◆ Exercise material:
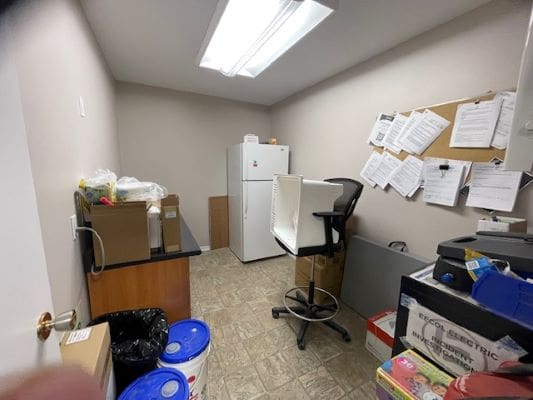 Small office storage room with refrigerator.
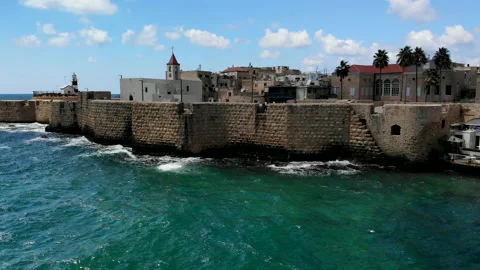 Acre (Akko) Boy Jumps off wall into water Drone Stock Footage 169055322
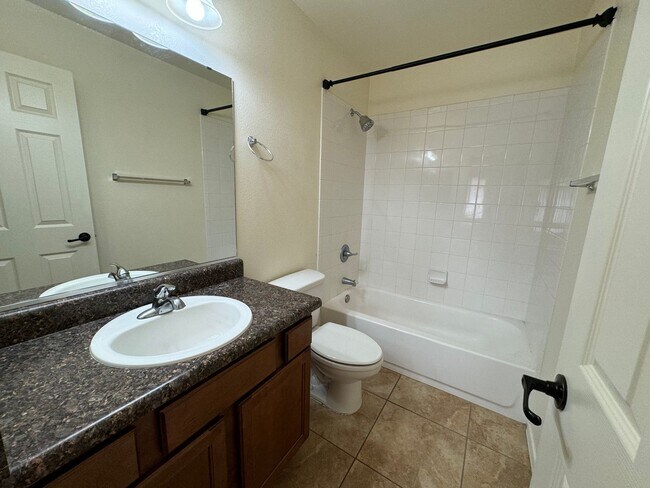 Building Photo - 4BR/2BA/2CG, TESLA CHARGER 1765 sq.ft. ren...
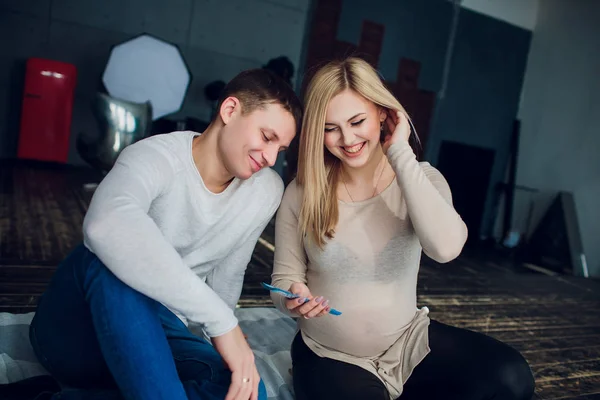 Těhotná rodina s penězi a baby oblečení sedět na pohovce domu. Rodinný rozpočet. — Stock fotografie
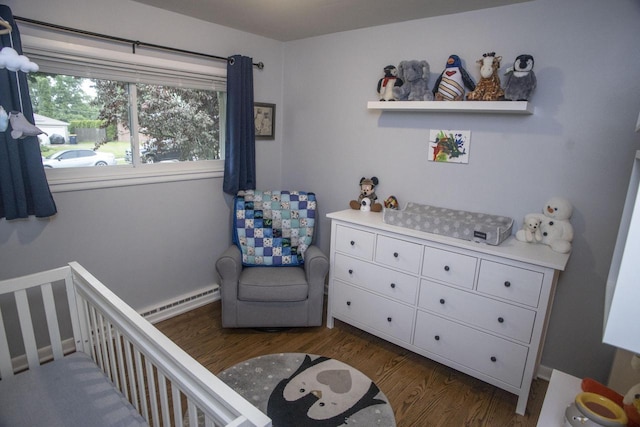 2563 S 91st St, West Allis, WI 53227 - bedroom featuring a baseboard heating unit, a crib, and wood finished floors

◆ Goal of the exercise: Leave out the pictures and set down everything else in the entries above exactly.

◆ Response to this task:
 Small office storage room with refrigerator.
 Acre (Akko) Boy Jumps off wall into water Drone Stock Footage 169055322
 Building Photo - 4BR/2BA/2CG, TESLA CHARGER 1765 sq.ft. ren...
 Těhotná rodina s penězi a baby oblečení sedět na pohovce domu. Rodinný rozpočet. — Stock fotografie
 2563 S 91st St, West Allis, WI 53227 - bedroom featuring a baseboard heating unit, a crib, and wood finished floors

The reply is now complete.